If you have an older Apple printer, it may require Appletalk, and not all Network equipt. recognizes the protocol.


----------



## paatkinson (Jun 5, 2006)

I have a new macbook and an existing windoows XP desktop. I have a netgear PS121 print server connected through a US Robotice wireless router. I also have a canon IP6000 connected to the router. This works perfectly from the windows desktop. Does anyone know how to make it work with the apple?. I am new to apple and am struggling a bit. If I go into the network I can see the router but thats as far as I can get.


----------



## gsahli (Jun 5, 2006)

http://www.macosx.com/forums/showthread.php?t=255207&highlight=ps121

You need to read your print server manual carefully and decide what comm protocols are supported. If using LPD or IPP, you need to enter the device-specific queue name from the manual in the OS X Printer Setup Utility.

You'll need to buy a CUPS driver from www.printfab.net. It's the only way to do network printing with your model printer.


----------



## paatkinson (Jun 5, 2006)

Thanks for your speedy reply, ill try the driver you have suggested.


----------



## balaji (Jun 5, 2006)

Dear All,

I run Mac OS X 10.3.9 Server. I have printers which I have shared on the network using Server Admin Print Server tool. Everything was working fine until the past few days.

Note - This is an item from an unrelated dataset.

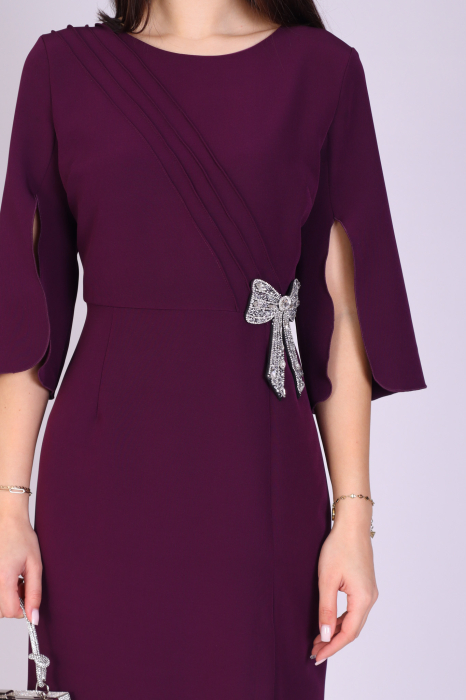 Rochie AJA din Stofa cu Accesoriu Argintiu [3]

Clicking on START in the Server Admin does not start the print server. I tried starting it from the command line and even that does not work.

Here is what I get in the command line:-

{machinename}:/etc {username}$ sudo serveradmin start print
print:command = "setState"
print:state = "STOPPED"
print:status = 0
{machinename}:/etc {username}$

This is what is there in the Server Admin's Watchdog event log:-

2006-06-05 16:17:49 EDT Started child "/usr/sbin/PasswordService" as pid 268.
2006-06-05 16:17:49 EDT Started child "/usr/sbin/PrintServiceMonitor"
as pid 269.
2006-06-05 16:17:49 EDT Started child "/usr/libexec/postfix/master" as pid 270.
2006-06-05 16:17:49 EDT Started child
"/usr/share/servermgrd/bundles/servermgr_appserver.bundle/Contents/Resources/run.sh"
as pid 271.
2006-06-05 16:17:49 EDT Automatic reboot timer enabled.
2006-06-05 16:17:54 EDT Reaped child process 269
("/usr/sbin/PrintServiceMonitor"); quit with exit status 36.
2006-06-05 16:17:54 EDT Process "/usr/sbin/PrintServiceMonitor"
respawning too rapidly!

If anyone know what is happening, please enlighten me. I am guessing it is due to the security update I installed recently.

Please advise.

Thanks,
Balaji


----------